Well its gone down very well here, all 4 flavours. 

Jones isn't massively impressed but then he's a fussy sod at the best of times... still eats it fine though which is the main thing. The other two really like it.

Nice pre-xmas pressie for me, finding a decent quality food they will actually eat.  And I didn't think it smelled too bad either. (Just wish it was cheaper lol!) Think I'll keep buying this aspart of my rotation.


----------



## Alessa (Oct 21, 2012)

This food is dangerous, after Mathias got the taste of the rabbit flavour, I now have to add it to his raw and the air-dried raw to make him eat it. I'll go bankrupt at this rate. He loves it!


----------



## Joy84 (Nov 21, 2012)

Phoebe will be trying hers tonight <thanks not-so-secret Santa>


----------



## Sussexplumber (Oct 5, 2011)

Space Chick said:


> They had the beef and cottage cheese this morning..... not big fans it has to be said!


Cottage cheese?
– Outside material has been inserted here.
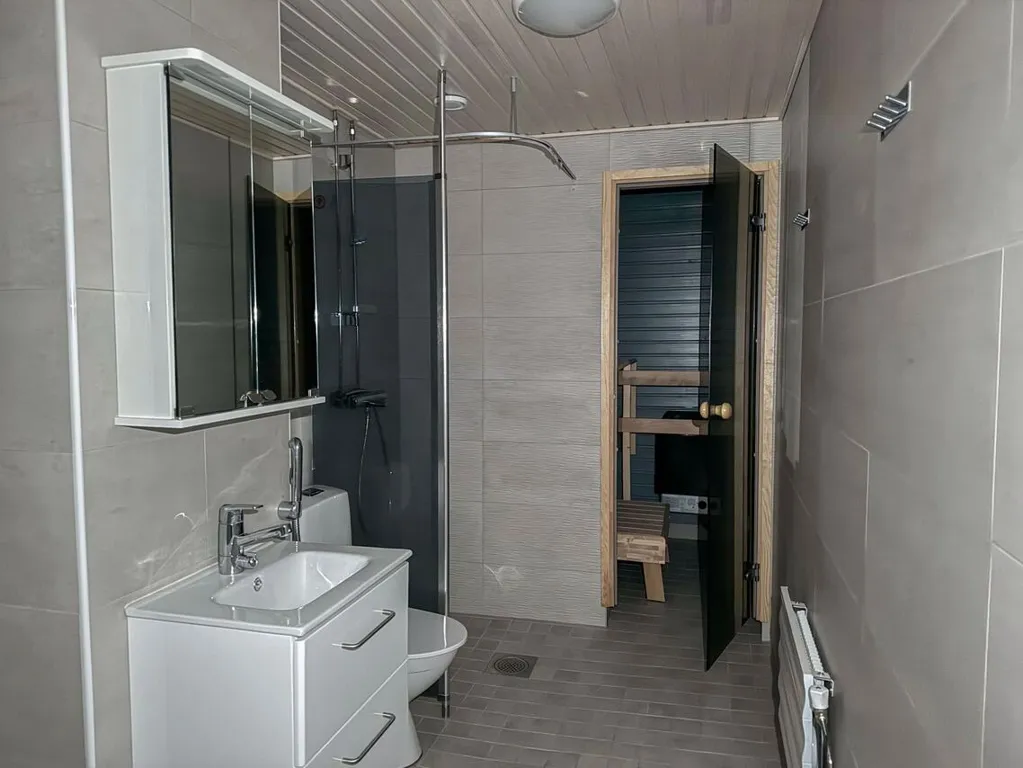 Vannitoad - Renovated Flat with Sauna in Tikkurila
This is a cat food isnt it? Is it better than raw beef heart and chopped lambs heart? I think it must be me but I just can`t see a cat catching and eating cottage cheese. Alright they dont catch cows or sheep but at least its real fresh raw meat and has Hobbs` approval!


----------



## OrientalSlave (Jan 26, 2012)

Catching cottage cheese. Hmmm - what does a wild cottage cheese look like? I've only seem the domestic version in a plastic tub!


----------



## Joy84 (Nov 21, 2012)

OrientalSlave said:


> Catching cottage cheese. Hmmm - what does a wild cottage cheese look like? I've only seem the domestic version in a plastic tub!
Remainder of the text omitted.